- Reign: 8 months, starting from 633 CE
- Predecessor: Azadbeh
- Successor: Position abolished
- Died: c. 633 Jawatha, now modern day Al-Ahsa Governorate, Saudi Arabia
- Cause of death: Killed in battle
- House: Lakhmids
- Father: Al-Nu'man III ibn al-Mundhir
- Religion: Nestorian Christianity (possibly)

= Al-Mundhir VI ibn al-Nu'man =

Last king of the Lakhmids

Al-Mundhir VI ibn al-Nu'man (Arabic: المنذر بن النعمان) also known by the title al-Ma'rur was the final member of the Lakhmid dynasty to exert power and rule over the ancient city of Al-Hira. He was a son of Al-Nu'man III ibn al-Mundhir and succeeded the Persian governor Azadbeh, hence temporarily restoring the rule of Al-Hira to Lakhmid control. His reign was short, only ruling for eight months.

== Biography ==
=== Childhood ===
Al-Mundhir was a son of Al-Nu'man III ibn al-Mundhir. He also held the title al-Ma'rur. He is from the family of the Lakhmids, and not much is known from his early life.

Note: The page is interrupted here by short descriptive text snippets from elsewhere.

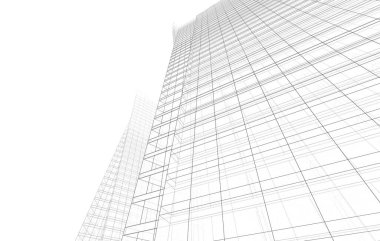 Soyut geometrik mimari arkaplan, 3 boyutlu illüstrasyon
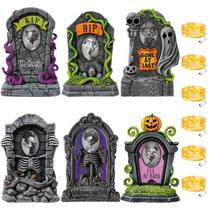 Decoração de Halloween, conjunto de 6 lápides grandes com luzes Decoração de Halloween, conjunto de 6 lápides grandes com luzes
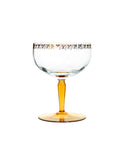 Vintage 1940s Gold Leaf & Amber Stem Cocktail Glasses Weston Table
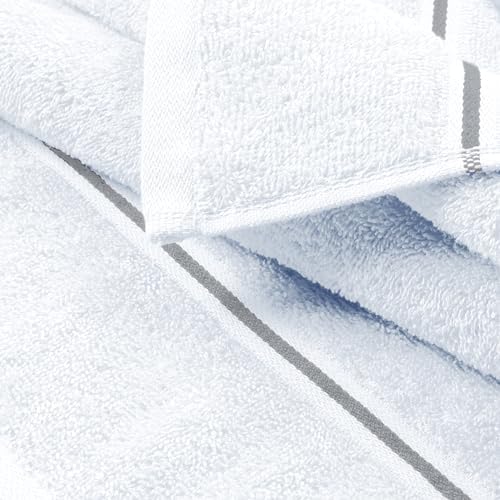 MyOwn Ultra Soft 6 Pack Cotton Towel Set, Contains 2 Bath Towels 28x55 inch, 2 Hand Towels 16x24 inch & 2 Wash Coths 12x12 inch, Ideal Everyday use, Compact & Lightweight - White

=== Temporary rule and death ===
The Persian governor, Azadbeh, fled from his rule over Al-Hira in 633 CE after the city faced invasions from the Muslim armies of the Rashidun Caliphate. The rule returned to the family of Lakhm, with Al-Mundhir assuming power. However, his reign lasted for only eight months before the Muslim armies led by Khalid ibn al-Walid advanced on his territories. According to the historian Muhammad ibn Habib al-Baghdadi, Al-Mundhir was killed in a battle against the Muslims at a place known as Jawatha (present-day Al-Ahsa Governorate).

== Legacy ==
Al-Mundhir was the last Lakhmid ruler of Al-Hira. His death signified the end of the ruling dynasty. Muslims would rule Al-Hira and other areas of Mesopotamia after the Battle of Hira in 633 CE, the same year of his death.

== Religious affiliation ==
Al-Mundhir VI might have been a Nestorian Christian, as the Lakhmids themselves were Nestorians. However, Ibn Habib mentioned in the Kitāb al-Muḥabbar that Al-Mundhir was an "apostate" which implies he may have converted to Islam and then left the faith afterwards.